Assignment ::
Go through the listing below and output exactly the line with "03.10.2025 - Köhlbrandbrückenlauf", the line with "ข้าวกะเพราหมูสามชั้นทอด ปลาหมึก ไข่เยี่ยวม้า", and each line between; omit the rest.

Working data ::
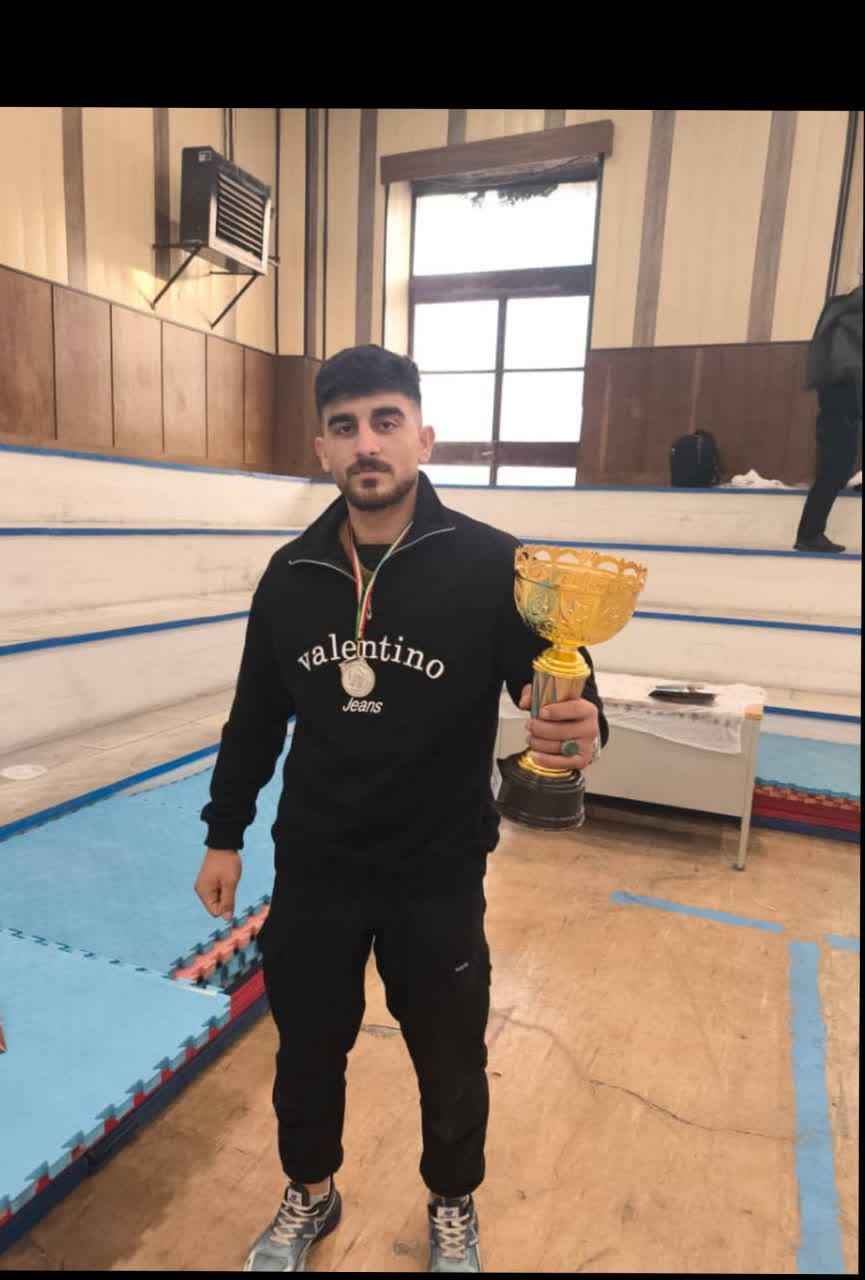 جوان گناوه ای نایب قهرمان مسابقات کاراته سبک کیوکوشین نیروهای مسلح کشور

---

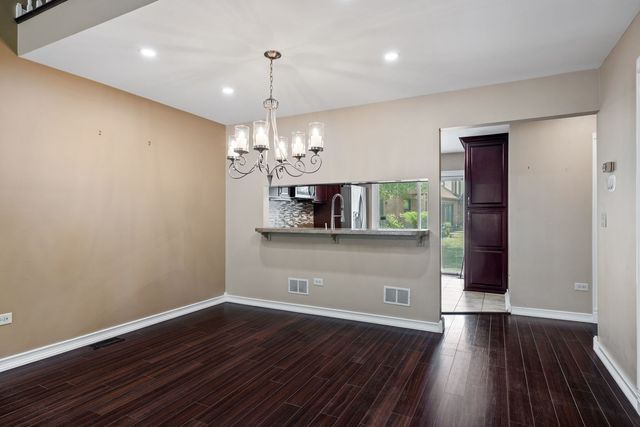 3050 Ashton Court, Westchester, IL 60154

--

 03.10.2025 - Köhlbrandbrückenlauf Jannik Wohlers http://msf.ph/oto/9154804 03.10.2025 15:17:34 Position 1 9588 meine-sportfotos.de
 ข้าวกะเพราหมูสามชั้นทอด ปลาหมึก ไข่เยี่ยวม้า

Answer space ::
 03.10.2025 - Köhlbrandbrückenlauf Jannik Wohlers http://msf.ph/oto/9154804 03.10.2025 15:17:34 Position 1 9588 meine-sportfotos.de
 ข้าวกะเพราหมูสามชั้นทอด ปลาหมึก ไข่เยี่ยวม้า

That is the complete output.